Record excerpts:

* * * * * * * * *

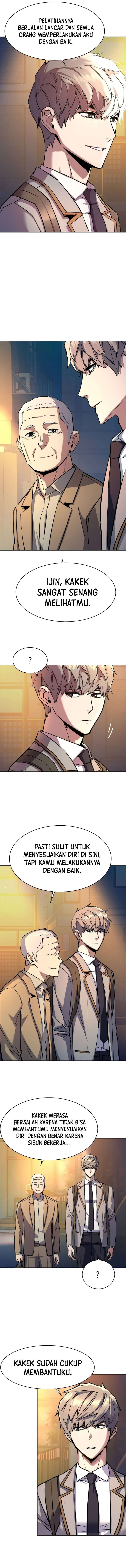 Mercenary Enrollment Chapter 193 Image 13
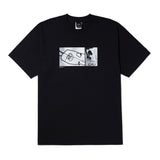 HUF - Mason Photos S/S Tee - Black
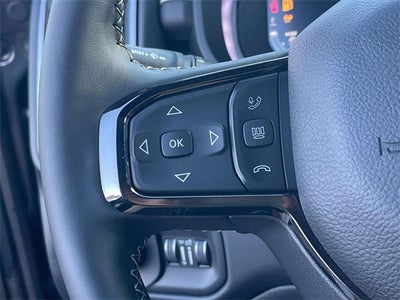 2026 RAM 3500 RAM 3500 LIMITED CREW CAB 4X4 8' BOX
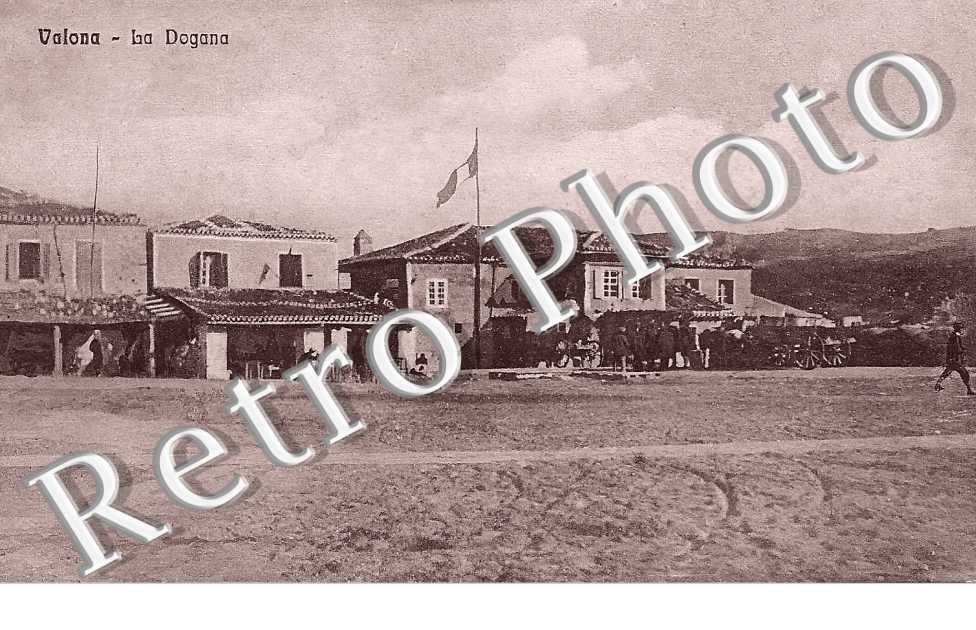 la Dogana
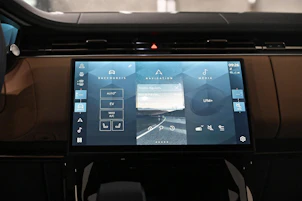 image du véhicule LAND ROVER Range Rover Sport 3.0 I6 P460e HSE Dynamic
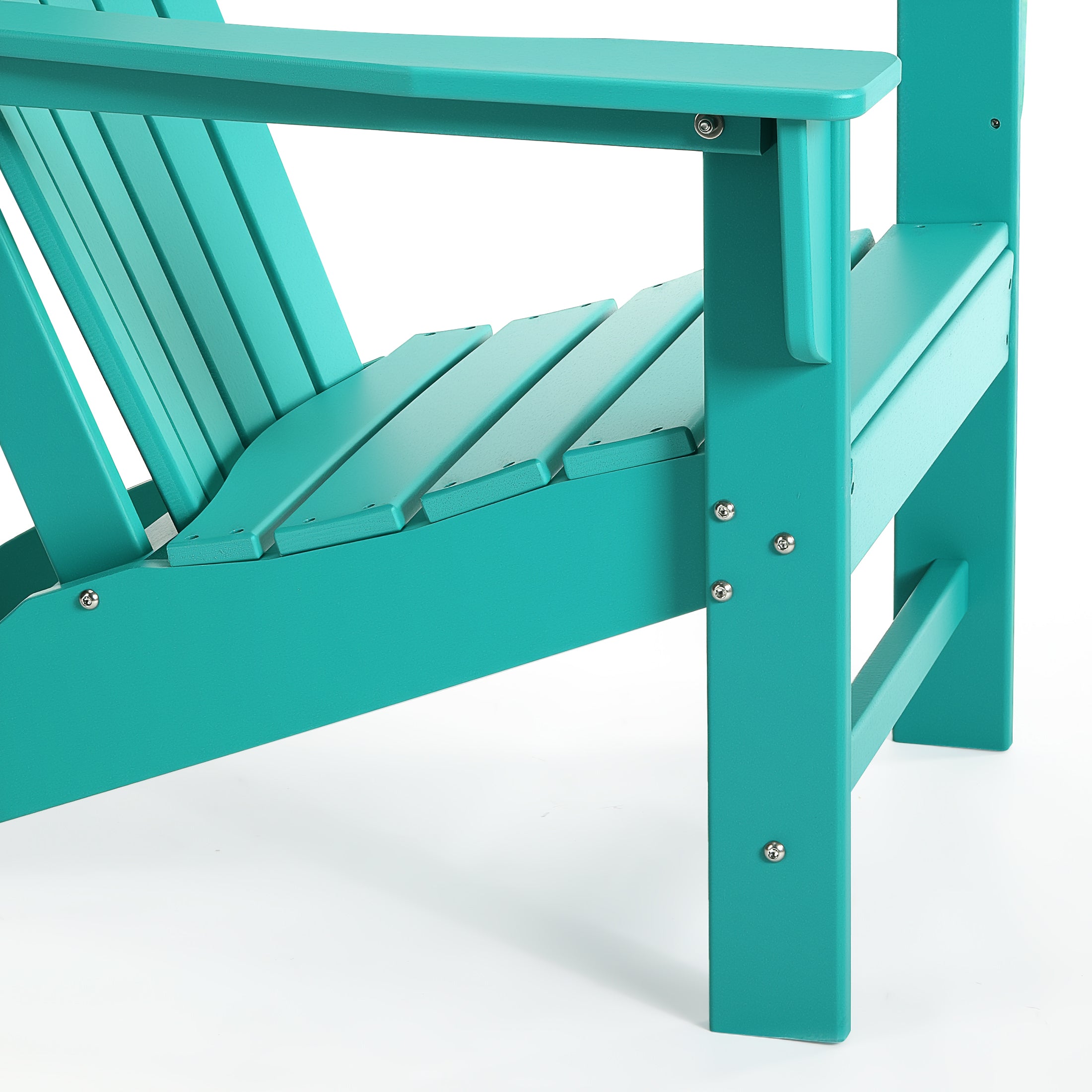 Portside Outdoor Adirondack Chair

* * * * * * * * *

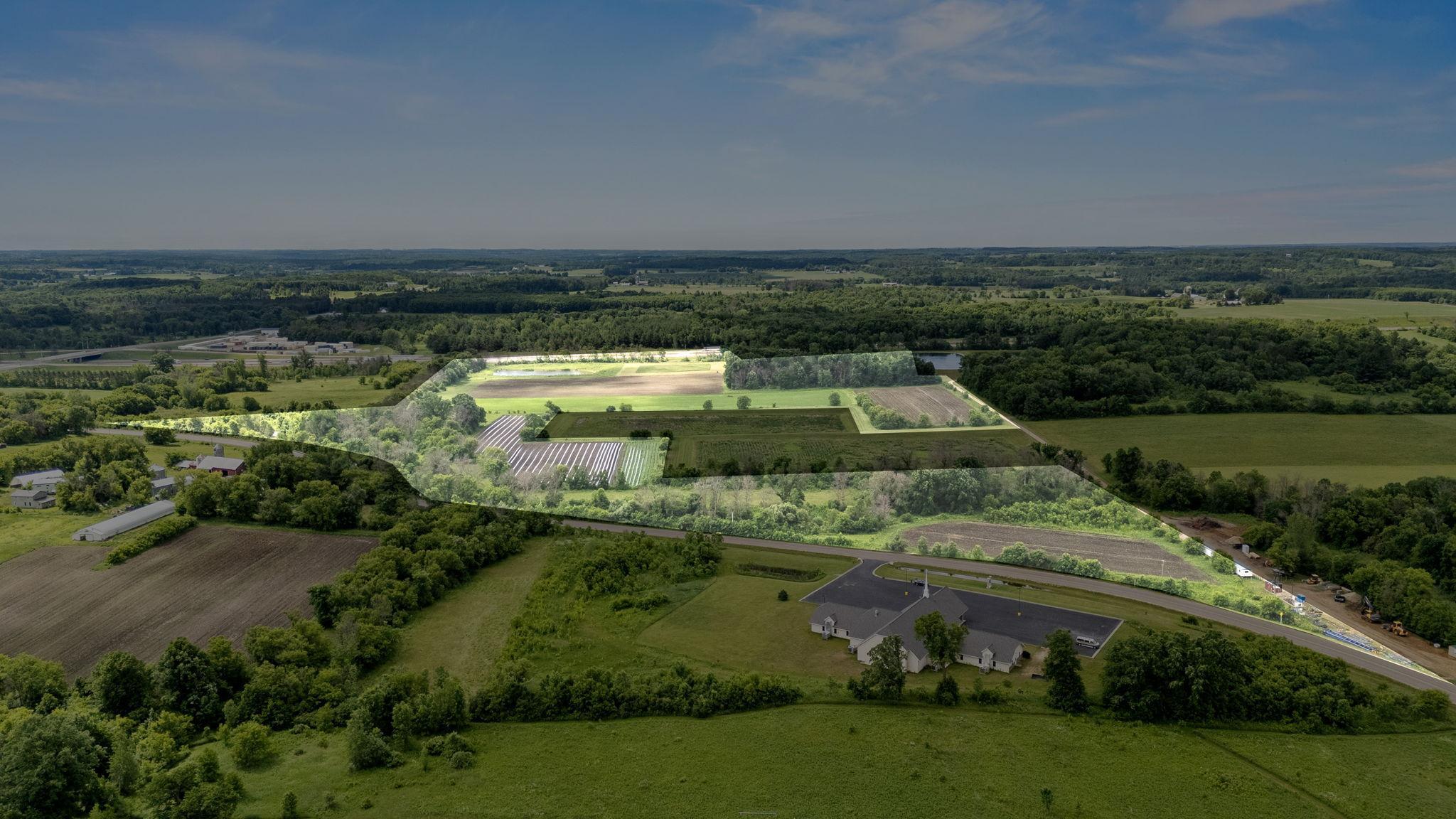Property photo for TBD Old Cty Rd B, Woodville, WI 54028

* * * * * * * * *

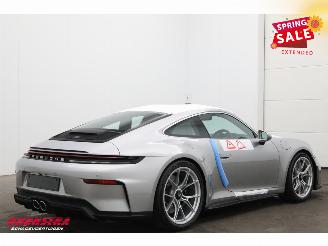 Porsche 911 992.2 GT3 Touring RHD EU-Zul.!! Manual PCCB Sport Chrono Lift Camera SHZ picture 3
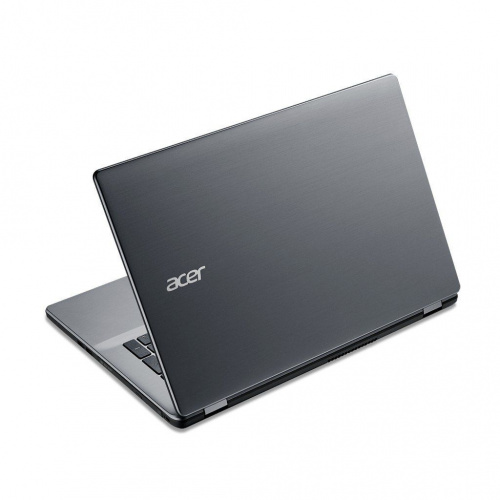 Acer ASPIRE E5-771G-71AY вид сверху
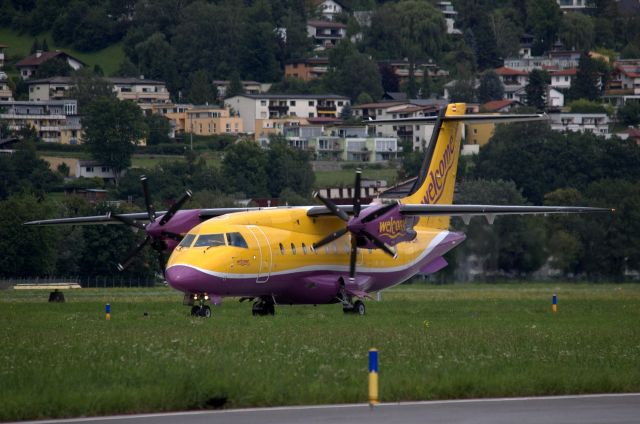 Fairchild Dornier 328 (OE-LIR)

* * * * * * * * *

Task prompt: For the entries above, print exactly the lines between the one with "Mercenary Enrollment Chapter 193 Image 13" and the one with "Portside Outdoor Adirondack Chair", inclusive, with no pictures.

Task response:
 Mercenary Enrollment Chapter 193 Image 13
 HUF - Mason Photos S/S Tee - Black
 2026 RAM 3500 RAM 3500 LIMITED CREW CAB 4X4 8' BOX
 la Dogana
 image du véhicule LAND ROVER Range Rover Sport 3.0 I6 P460e HSE Dynamic
 Portside Outdoor Adirondack Chair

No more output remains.